PROBLEM DESCRIPTION
Would you repeat the listing below verbatim and drop the images?

SUPPLIED INFORMATION
········

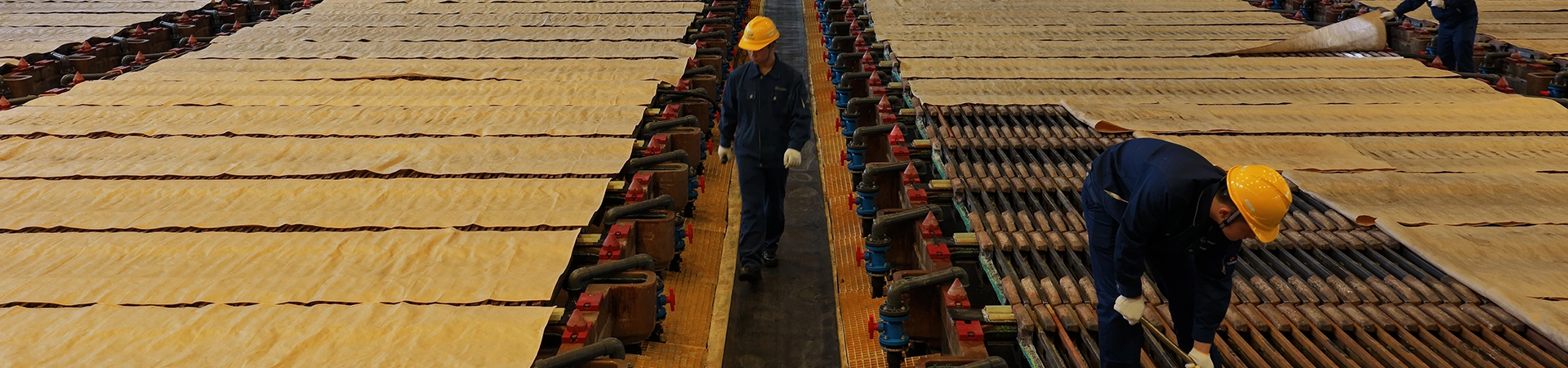 BWIN·必赢(中国)唯一官方网站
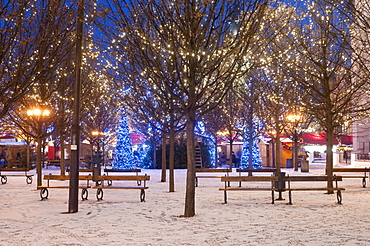 Christmas decoration at Old Town Square's park at twilight, Stare Mesto, Prague, Czech Republic, Europe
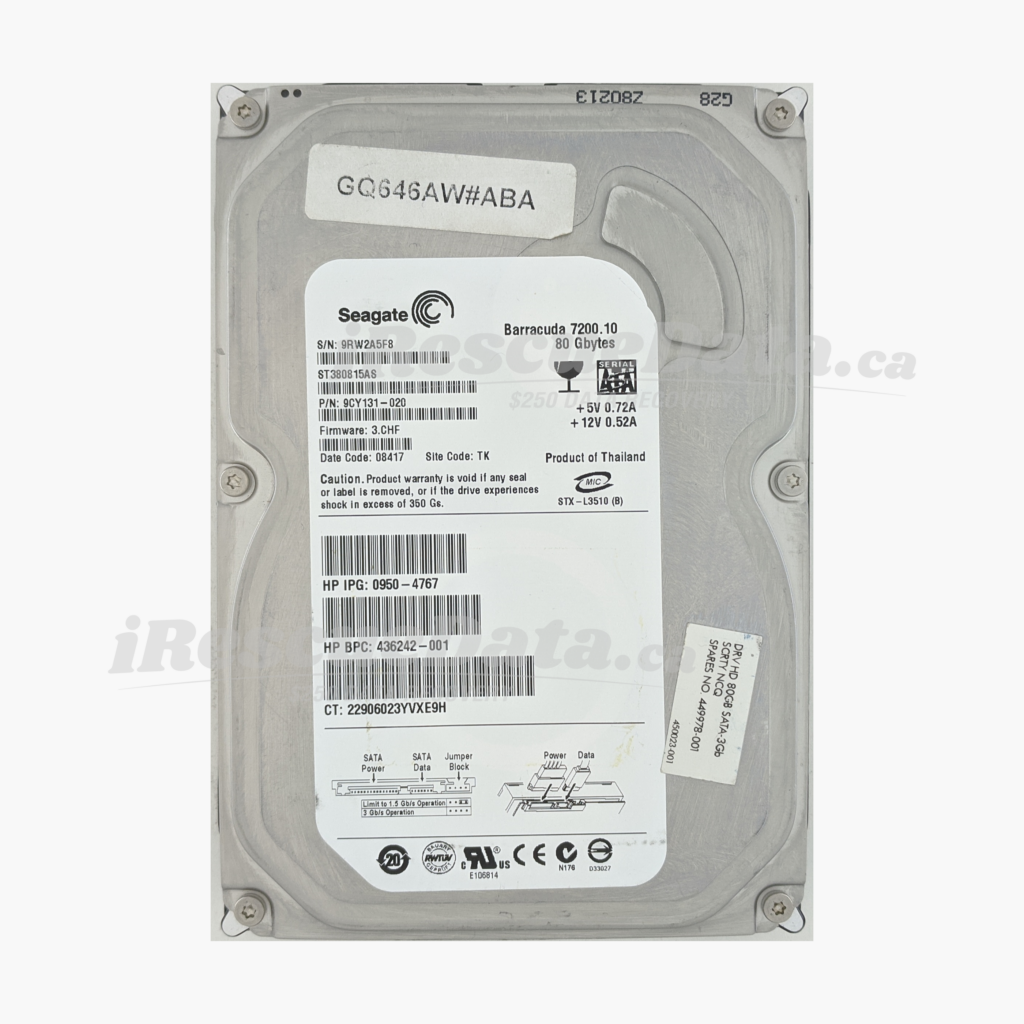 Seagate ST380815AS 9RW2A5F8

········

OUTPUT BELOW
 BWIN·必赢(中国)唯一官方网站
 Christmas decoration at Old Town Square's park at twilight, Stare Mesto, Prague, Czech Republic, Europe
 Seagate ST380815AS 9RW2A5F8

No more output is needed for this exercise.